RE: [RFC PATCH 0/5] scsi: ufs: Add Host Performance Booster Support
From: Avri Altman
Date: Sat Jun 06 2020 - 08:02:46 EST
Hi,
>
> NAND flash memory-based storage devices use Flash Translation Layer (FTL)
> to translate logical addresses of I/O requests to corresponding flash
> memory addresses. Mobile storage devices typically have RAM with
> constrained size, thus lack in memory to keep the whole mapping table.

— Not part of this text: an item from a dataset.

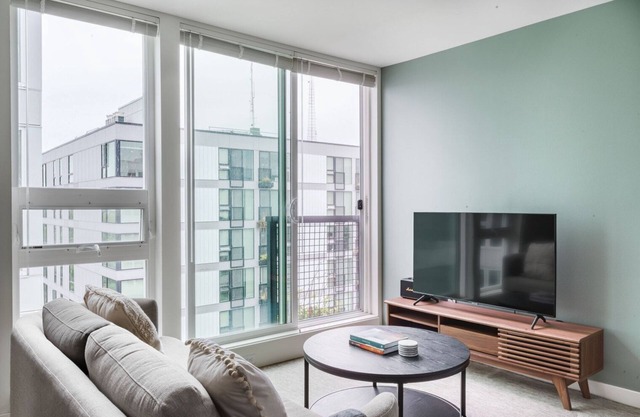 Clean Central District Studio w/Theater, Gym & Lounge, by Blueground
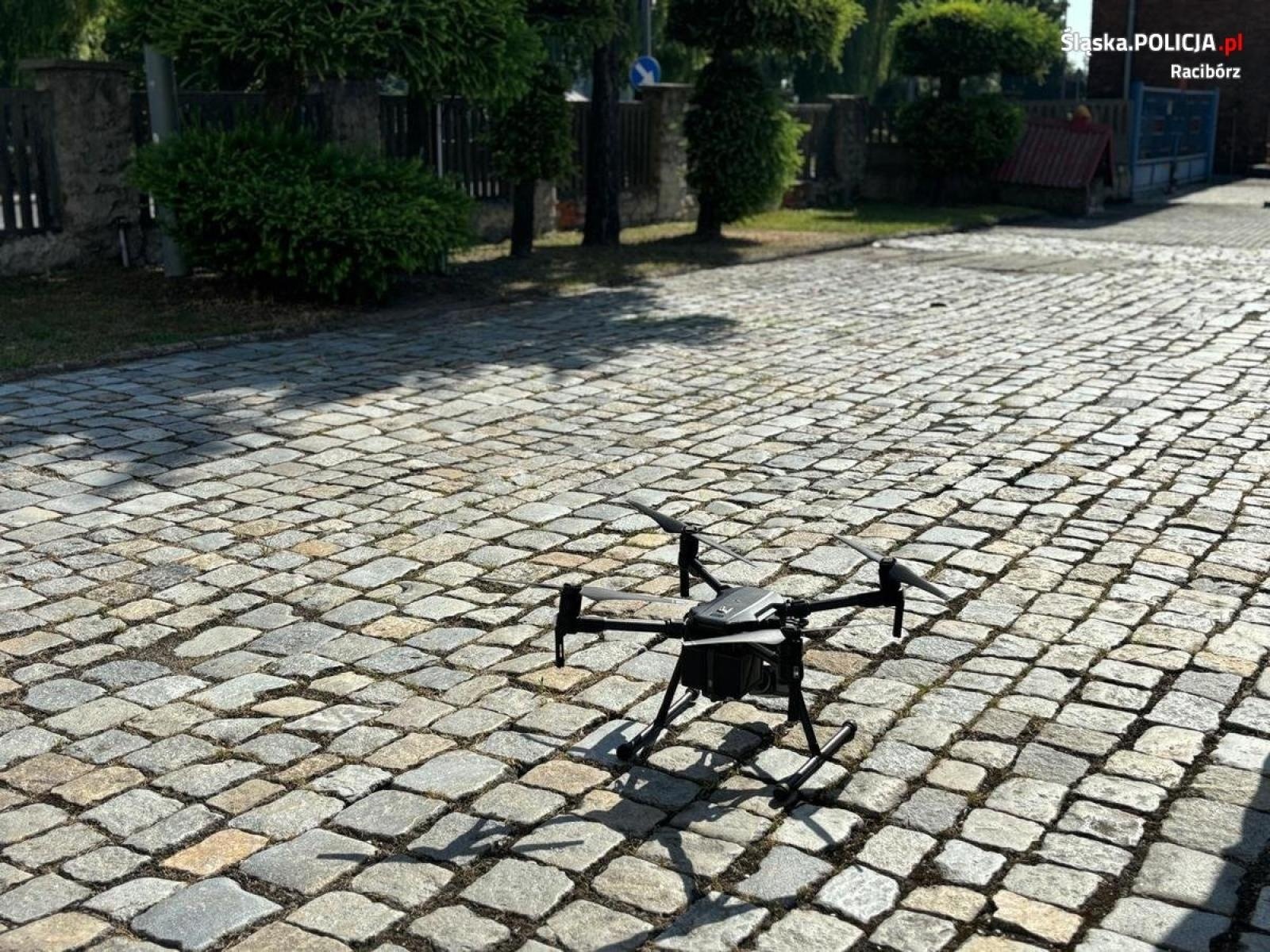 Zdjęcie w galerii na portalu naszraciborz.pl: Raciborska policja prowadziła akcję z użyciem drona [WIDEO] wiadomości z regionu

> Therefore, mapping tables are partially retrieved from NAND flash on
> demand, causing random-read performance degradation.
>
> To improve random read performance, we propose HPB (Host Performance
we propose --> jedec spec XXX proposes â
and here you also disclose what version of the spec are you supporting
> Booster) which uses host system memory as a cache for the FTL mapping
> table. By using HPB, FTL data can be read from host memory faster than from
> NAND flash memory.
>
> The current version only supports the DCM (device control mode).
> This patch consists of 4 parts to support HPB feature.
>
> 1) UFS-feature layer
> 2) HPB probe and initialization process
> 3) READ -> HPB READ using cached map information
> 4) L2P (logical to physical) map management
>
> The UFS-feature is an additional layer to avoid the structure in which the
> UFS-core driver and the UFS-feature are entangled with each other in a
> single module.
> By adding the layer, UFS-features composed of various combinations can be
> supported. Also, even if a new feature is added, modification of the
> UFS-core driver can be minimized.
Like Bart, I am not sure that this extra module is needed.
It only makes sense if indeed there are some common calls that can be shared by several features.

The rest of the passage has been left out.